TASK DATA>
^^^^^^^^

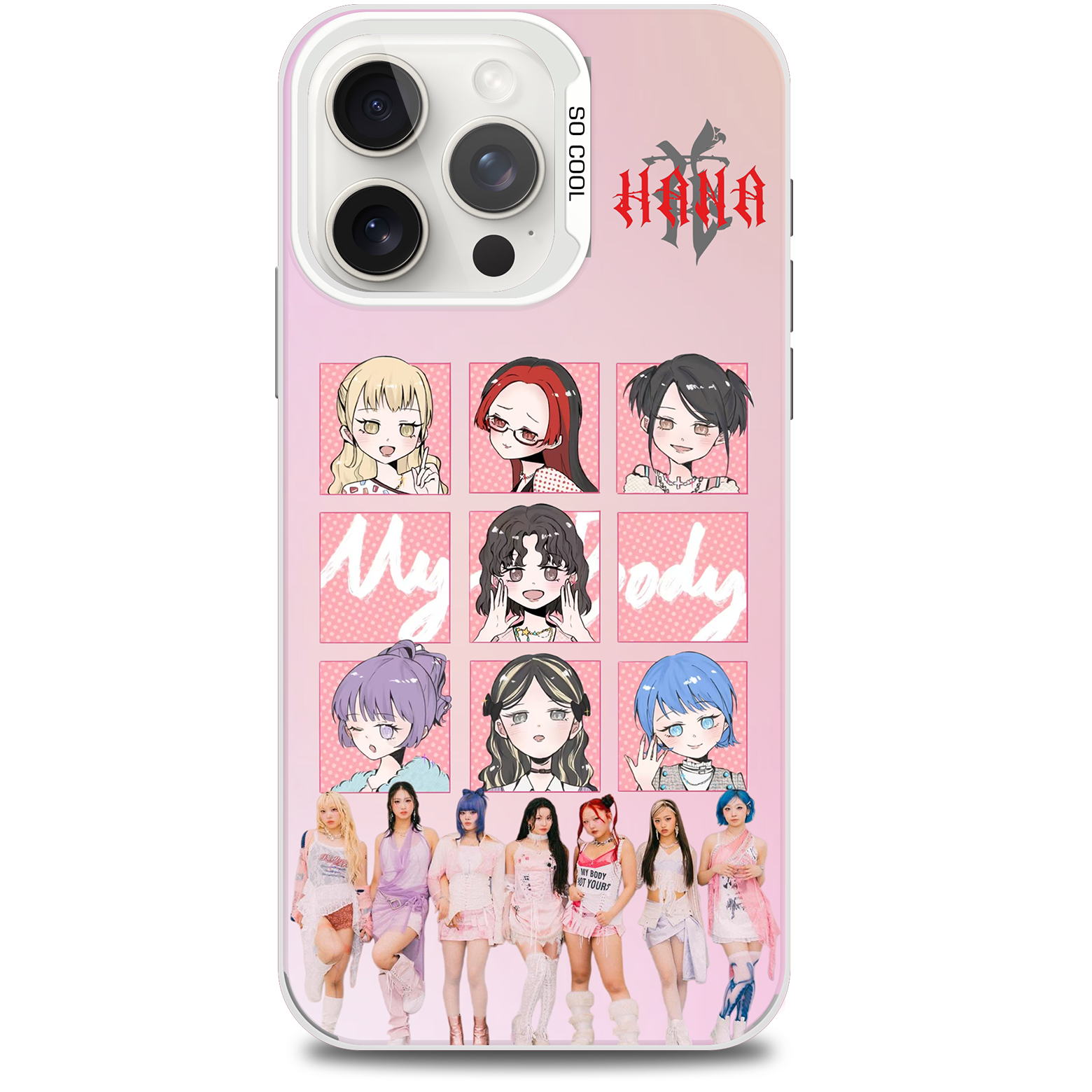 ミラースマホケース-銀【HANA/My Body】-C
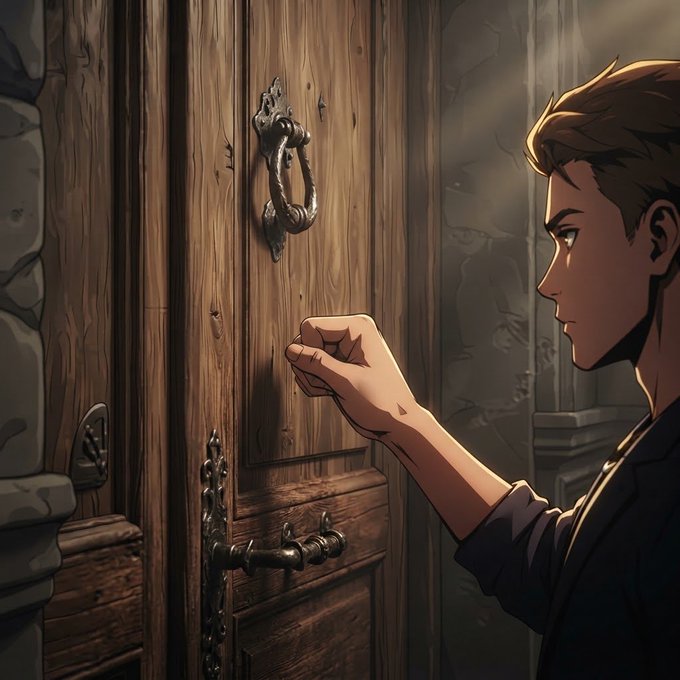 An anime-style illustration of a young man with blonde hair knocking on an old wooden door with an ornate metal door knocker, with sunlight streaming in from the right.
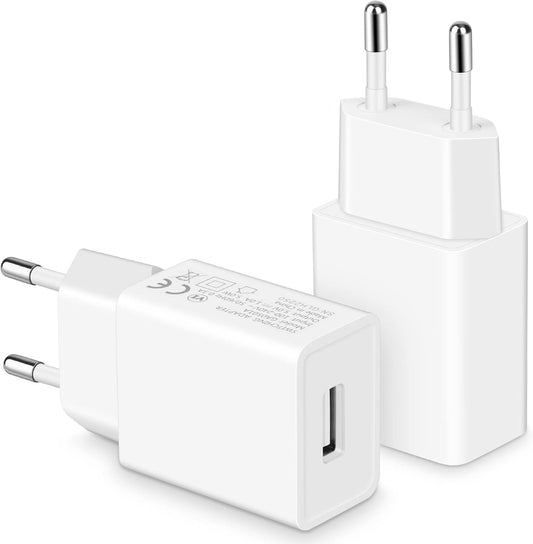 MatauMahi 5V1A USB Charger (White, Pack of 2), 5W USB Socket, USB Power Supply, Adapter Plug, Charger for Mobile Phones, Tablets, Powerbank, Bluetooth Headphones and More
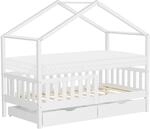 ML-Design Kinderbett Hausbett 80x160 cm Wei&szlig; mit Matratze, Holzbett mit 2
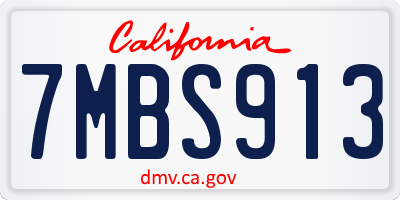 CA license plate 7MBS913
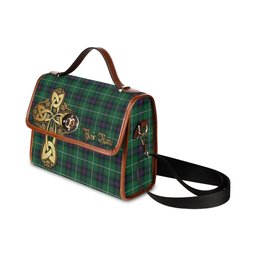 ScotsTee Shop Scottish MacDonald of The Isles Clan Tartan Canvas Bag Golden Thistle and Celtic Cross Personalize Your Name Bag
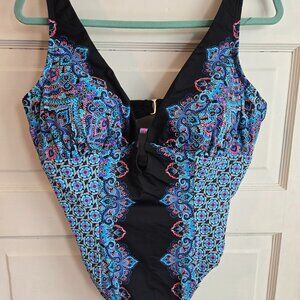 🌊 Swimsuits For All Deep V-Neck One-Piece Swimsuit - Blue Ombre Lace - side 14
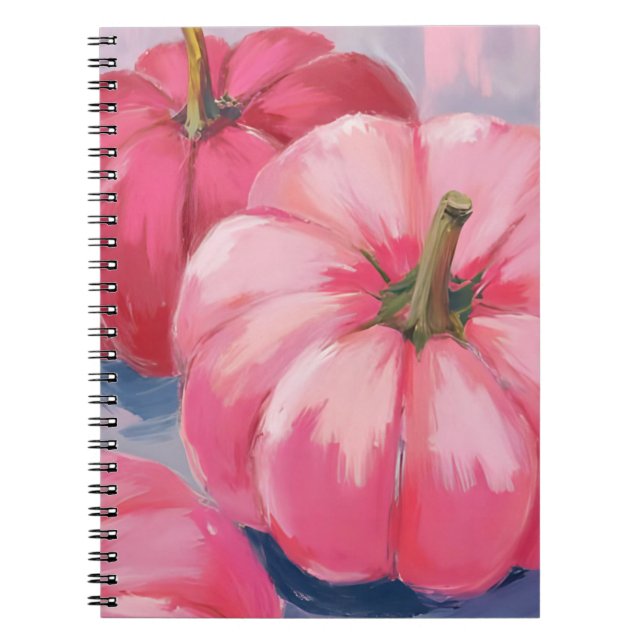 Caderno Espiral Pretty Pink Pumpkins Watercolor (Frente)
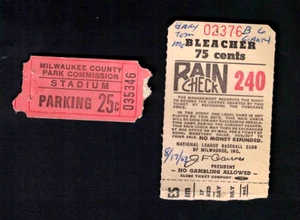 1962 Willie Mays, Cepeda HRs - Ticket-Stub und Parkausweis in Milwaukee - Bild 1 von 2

^^^^^^^^

The answer must be the exact lines from the line with "ScotsTee Shop Scottish" to the final line of the data, both ends included, with no pictures.

 ScotsTee Shop Scottish MacDonald of The Isles Clan Tartan Canvas Bag Golden Thistle and Celtic Cross Personalize Your Name Bag
 🌊 Swimsuits For All Deep V-Neck One-Piece Swimsuit - Blue Ombre Lace - side 14
 Caderno Espiral Pretty Pink Pumpkins Watercolor (Frente)
 1962 Willie Mays, Cepeda HRs - Ticket-Stub und Parkausweis in Milwaukee - Bild 1 von 2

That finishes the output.